I would LOVE it if my customers would come into my bookstore with titles so cleverly skewered!
You will love Rio Bravo!
I just spit out my OJ on my laptop.
Never Push Me Off The CLIFF??????? That’s the best thing I’ve ever heard in my life. Ever.
Alex – hahahahaha I know! I so want to read Never Push Me Off the Cliff – it sounds fanTAStic!
Meryl Streep and Clive Owen in “Never Push Me Off The Cliff.”
Written and adapted by Mike Nichols with a script by Carrie Fisher.
Camera work by Andrea McCardle.
From and idea by Garrett Morris
Oh, I so totally hear you on the heat and humidity thing. Heat and humidity make me totally mental. (Which is ironic, considering where*I* have chosen to live…)
I have days when it’s humid where I spend the whole day on the verge of figuratively ripping someone’s head off. (It is only through truly saintlike self control that I have not launched into a screaming fit at a colleague or student). It’s like really bad PMS, except it lasts until the weather pattern changes. And Advil doesn’t help it.
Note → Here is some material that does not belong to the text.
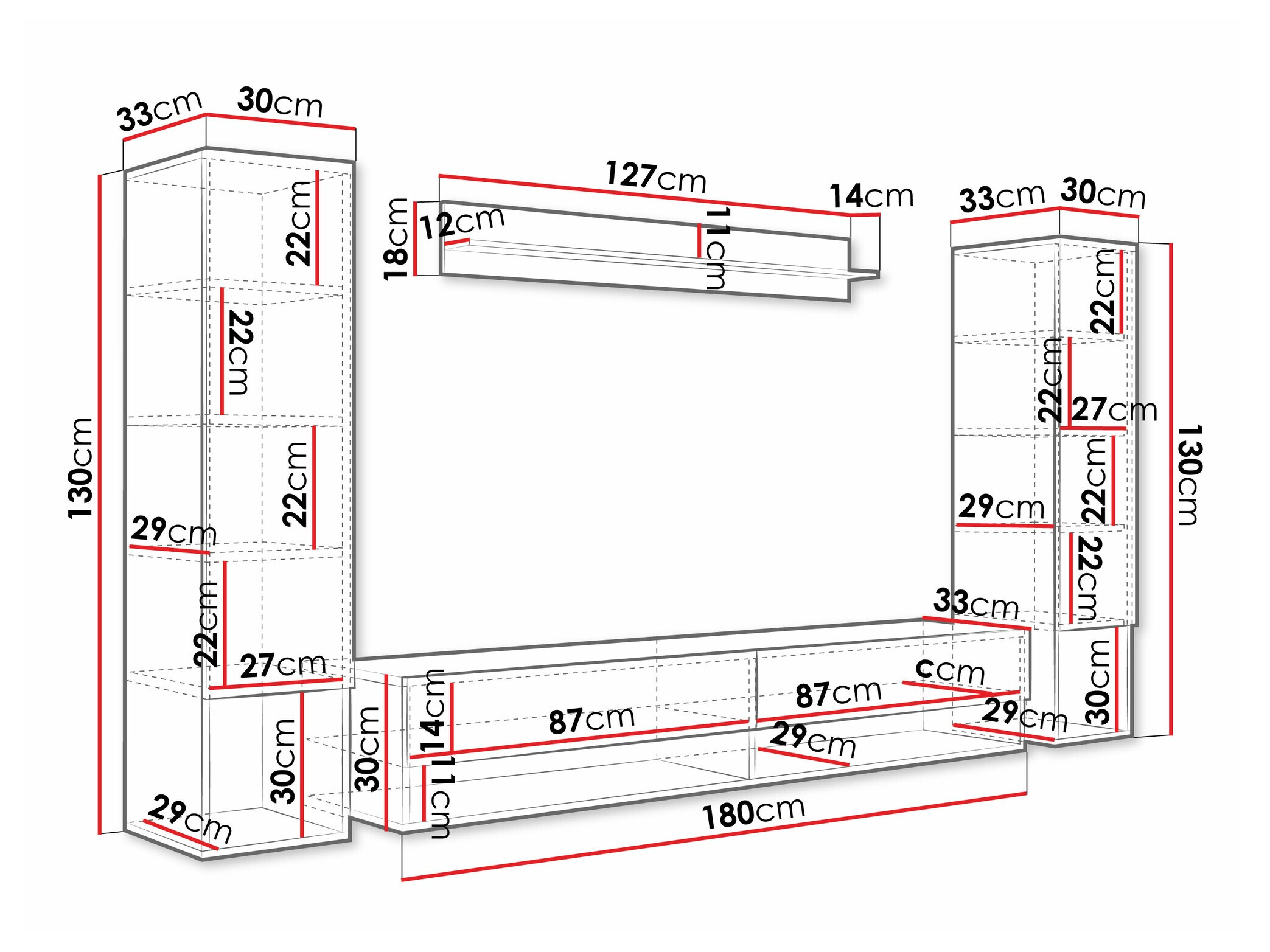Set za dnevnu sobu Sarasota 176 (Belo + Sjajno belo)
ricki – Yes!! it TOTALLY takes all of my self-control in certain moments to not shout at people – when it’s as hot as it was yesterday and the day before. I have to close my eyes and just talk myself thru it.
I am NOT a summer weather person – but it’s really the humidity that makes me feel like a fire-breathing hose-monster beast from the 8th circle of Hell.